- Location of Evergreen in Avoyelles Parish, Louisiana.
- Location of Louisiana in the United States
- Coordinates: 30°57′10″N 92°06′19″W﻿ / ﻿30.95278°N 92.10528°W
- Country: United States
- State: Louisiana
- Parish: Avoyelles

Area
- • Total: 1.02 sq mi (2.65 km^{2})
- • Land: 1.02 sq mi (2.65 km^{2})
- • Water: 0 sq mi (0.00 km^{2})
- Elevation: 72 ft (22 m)

Population (2020)
- • Total: 215
- • Density: 210.5/sq mi (81.26/km^{2})
- Time zone: UTC-6 (CST)
- • Summer (DST): UTC-5 (CDT)
- Area code: 318
- FIPS code: 22-24775
- GNIS feature ID: 2406474
- Website: www.evergreenla.org

= Evergreen, Louisiana =

Evergreen is a town in Avoyelles Parish, Louisiana, United States. As of the 2020 census, Evergreen had a population of 215. Evergreen is located east of Bunkie.
==History==
First named "Bayou Ridge", the town's name was later changed to "Evergreen", inspired by its beautiful, evergreen magnolia trees. The first store in Evergreen was owned by Alanson Pearce and was located on the Barbreck plantation that had been established by his wife's grandfather Marsden Campbell. The town was chartered in 1869.

Evergreen was the site of an early renowned school in the area, the Evergreen Home Institute (1856), which later became Evergreen College, and then Evergreen High School in 1904.

==Geography==

According to the United States Census Bureau, the town has a total area of 2.6 km2, all land.

==Demographics==

As of the census of 2000, there were 314 people, 137 households, and 86 families residing in the town. The population density was 308.1 PD/sqmi. There were 152 housing units at an average density of 149.2 /sqmi. The racial makeup of the town was 73.57% White, 25.80% African American and 0.64% Asian. Hispanic or Latino of any race were 0.32% of the population.

There were 137 households, out of which 26.3% had children under the age of 18 living with them, 47.4% were married couples living together, 11.7% had a female householder with no husband present, and 37.2% were non-families. 32.8% of all households were made up of individuals, and 8.0% had someone living alone who was 65 years of age or older. The average household size was 2.29 and the average family size was 2.91.

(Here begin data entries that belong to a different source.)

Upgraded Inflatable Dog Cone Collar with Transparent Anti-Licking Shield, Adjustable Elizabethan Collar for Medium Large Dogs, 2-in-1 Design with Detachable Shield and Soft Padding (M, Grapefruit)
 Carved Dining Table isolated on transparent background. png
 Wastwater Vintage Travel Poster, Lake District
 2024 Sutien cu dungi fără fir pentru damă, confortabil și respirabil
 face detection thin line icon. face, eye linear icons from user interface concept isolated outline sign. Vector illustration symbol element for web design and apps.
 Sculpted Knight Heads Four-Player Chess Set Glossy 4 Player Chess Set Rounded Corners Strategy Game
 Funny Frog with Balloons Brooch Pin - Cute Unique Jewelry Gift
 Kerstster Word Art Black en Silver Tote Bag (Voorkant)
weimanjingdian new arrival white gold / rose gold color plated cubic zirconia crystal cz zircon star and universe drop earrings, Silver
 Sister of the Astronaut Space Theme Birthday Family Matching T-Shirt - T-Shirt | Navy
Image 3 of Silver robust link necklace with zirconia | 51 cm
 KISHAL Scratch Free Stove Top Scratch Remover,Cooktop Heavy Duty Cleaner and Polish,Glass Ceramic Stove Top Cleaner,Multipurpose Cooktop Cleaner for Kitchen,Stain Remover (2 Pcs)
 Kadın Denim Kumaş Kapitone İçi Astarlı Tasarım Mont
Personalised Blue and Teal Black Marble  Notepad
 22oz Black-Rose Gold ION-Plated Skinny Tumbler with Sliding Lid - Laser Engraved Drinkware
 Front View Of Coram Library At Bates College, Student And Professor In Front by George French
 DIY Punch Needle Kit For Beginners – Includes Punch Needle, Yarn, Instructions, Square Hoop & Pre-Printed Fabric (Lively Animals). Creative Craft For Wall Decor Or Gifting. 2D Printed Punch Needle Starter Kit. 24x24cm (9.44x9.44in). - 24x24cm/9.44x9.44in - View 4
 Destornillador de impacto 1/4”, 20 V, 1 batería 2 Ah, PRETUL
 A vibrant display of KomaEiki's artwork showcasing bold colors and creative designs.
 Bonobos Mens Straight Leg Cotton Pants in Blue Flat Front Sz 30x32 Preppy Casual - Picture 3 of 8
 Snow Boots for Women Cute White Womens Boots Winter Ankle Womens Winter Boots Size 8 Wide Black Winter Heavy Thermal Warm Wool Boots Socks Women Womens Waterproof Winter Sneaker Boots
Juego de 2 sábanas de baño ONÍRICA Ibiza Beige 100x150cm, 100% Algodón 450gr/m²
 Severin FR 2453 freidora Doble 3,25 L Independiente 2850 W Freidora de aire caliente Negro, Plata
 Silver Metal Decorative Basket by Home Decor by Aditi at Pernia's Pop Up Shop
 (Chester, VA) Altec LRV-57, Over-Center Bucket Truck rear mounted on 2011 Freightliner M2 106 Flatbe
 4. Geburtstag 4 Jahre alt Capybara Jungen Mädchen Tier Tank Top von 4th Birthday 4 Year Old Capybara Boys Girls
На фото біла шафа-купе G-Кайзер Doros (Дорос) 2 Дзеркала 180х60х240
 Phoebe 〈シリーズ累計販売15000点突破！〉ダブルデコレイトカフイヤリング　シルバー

In the town, the population was spread out, with 23.6% under the age of 18, 8.0% from 18 to 24, 29.0% from 25 to 44, 26.4% from 45 to 64, and 13.1% who were 65 years of age or older. The median age was 39 years. For every 100 females, there were 92.6 males. For every 100 females age 18 and over, there were 87.5 males.

The median income for a household in the town was $17,250, and the median income for a family was $30,208. Males had a median income of $33,750 versus $18,750 for females. The per capita income for the town was $12,041. About 19.5% of families and 31.3% of the population were below the poverty line, including 28.6% of those under age 18 and 32.0% of those age 65 or over.

Historical population
| Census | Pop. | Note | %± |
| 1880 | 297 |  | — |
| 1900 | 322 |  | — |
| 1910 | 299 |  | −7.1% |
| 1920 | 262 |  | −12.4% |
| 1930 | 298 |  | 13.7% |
| 1940 | 384 |  | 28.9% |
| 1950 | 382 |  | −0.5% |
| 1960 | 325 |  | −14.9% |
| 1970 | 307 |  | −5.5% |
| 1980 | 272 |  | −11.4% |
| 1990 | 283 |  | 4.0% |
| 2000 | 314 |  | 11.0% |
| 2010 | 310 |  | −1.3% |
| 2020 | 215 |  | −30.6% |
| 2025 (est.) | 208 | Decrease | −3.3% |
U.S. Decennial Census

==Notable person==

- Lionel Aldridge, football player with the Green Bay Packers, is an Evergreen native.